Bilgi Devriminin Gerisinde Kalmamalıyız
Destek Patent Ar-Ge ve Eğitim Danışmanı, "Stratejik Eylem Planı'nın kabulü ile hukuksal zeminde yapılan iyileştirmeler, ülkemizde yatırım ortamının daha güvenli hale gelmesini sağlayacak ve yatırım yapanların rekabet gücünü artıracak.
Türk Patent Enstitüsü koordinatörlüğünde tüm paydaşların katılımıyla hazırlanan "Ulusal Fikri Haklar Strateji Belgesi ve Eylem Planı"nın kabulüne ilişkin açıklamalarda bulunan Destek Patent Ar-Ge ve Eğitim Danışmanı Hakan Özcan, "Stratejik Eylem Planı'nın kabulü ile hukuksal zeminde yapılan iyileştirmeler, ülkemizde yatırım ortamının daha güvenli hale gelmesini sağlayacak ve yatırım yapanların rekabet gücünü artıracak. Bu da fikri ve sınai haklar konusunda bilinç oluşması sağlayacak olup gelişimine olumlu katkıda bulunacak" dedi.
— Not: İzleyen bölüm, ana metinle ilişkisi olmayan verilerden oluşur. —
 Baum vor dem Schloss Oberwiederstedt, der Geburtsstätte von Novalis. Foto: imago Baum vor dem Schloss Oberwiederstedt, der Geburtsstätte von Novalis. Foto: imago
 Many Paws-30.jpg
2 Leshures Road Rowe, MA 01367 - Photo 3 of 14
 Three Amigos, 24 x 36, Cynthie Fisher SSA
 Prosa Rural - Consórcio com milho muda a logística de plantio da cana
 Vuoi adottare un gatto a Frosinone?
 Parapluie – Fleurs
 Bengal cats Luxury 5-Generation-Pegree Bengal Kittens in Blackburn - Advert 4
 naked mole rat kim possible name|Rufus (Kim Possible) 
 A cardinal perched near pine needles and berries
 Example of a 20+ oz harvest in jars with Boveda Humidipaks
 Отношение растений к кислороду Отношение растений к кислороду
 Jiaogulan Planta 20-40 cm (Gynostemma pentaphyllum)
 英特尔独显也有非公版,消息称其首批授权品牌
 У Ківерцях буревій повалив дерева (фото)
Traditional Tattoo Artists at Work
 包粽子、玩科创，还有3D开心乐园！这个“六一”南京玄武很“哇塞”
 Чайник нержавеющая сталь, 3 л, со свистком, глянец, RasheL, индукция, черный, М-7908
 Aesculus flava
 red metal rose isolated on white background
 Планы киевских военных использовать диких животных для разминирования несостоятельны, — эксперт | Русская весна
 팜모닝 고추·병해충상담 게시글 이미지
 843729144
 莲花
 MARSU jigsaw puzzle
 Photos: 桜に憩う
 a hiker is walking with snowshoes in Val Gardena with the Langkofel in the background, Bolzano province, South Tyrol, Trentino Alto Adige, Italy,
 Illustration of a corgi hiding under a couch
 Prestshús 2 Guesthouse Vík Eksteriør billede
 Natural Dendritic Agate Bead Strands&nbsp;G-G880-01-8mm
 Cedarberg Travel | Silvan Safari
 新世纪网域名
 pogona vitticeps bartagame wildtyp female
"Hazırlanan '2015-2018 Stratejik Eylem Planı'nda dört yeni hedef belirlendi. Bunlardan ilki hukuk alanındaki iyileştirmeleri içeriyor. Gelecekte sistemde olan güvensizliğin ortadan kalkmasına ve Fikri-Sınai haklar konusunda gelişimin hızlanmasına zemin hazırlamakta" diye konuşan Hakan Özcan, "Ülkemizde stratejik eylem planına dair ilk uygulamalar 1800'lü yılların sonlarında olsa bile ilk kez ciddi olarak 1995-1996 yıllarında gerçekleşmiştir. Ülkemizin Fikri ve Sınai Haklar konusunda uygulamalı tecrübesi 20 yıla dayanmaktadır. Bu süre uzun gibi görünse de ABD, İngiltere, Japonya gibi ülkelere baktığımızda, Fikri ve Sınai Haklar konusunda ki geçmişleri 200 yıla dayanmaktadır. Ülkemiz sanayi devrimini kaçırmış olsa da bilgi devriminin gerisinde kalmamalı" açıklamasını yaptı.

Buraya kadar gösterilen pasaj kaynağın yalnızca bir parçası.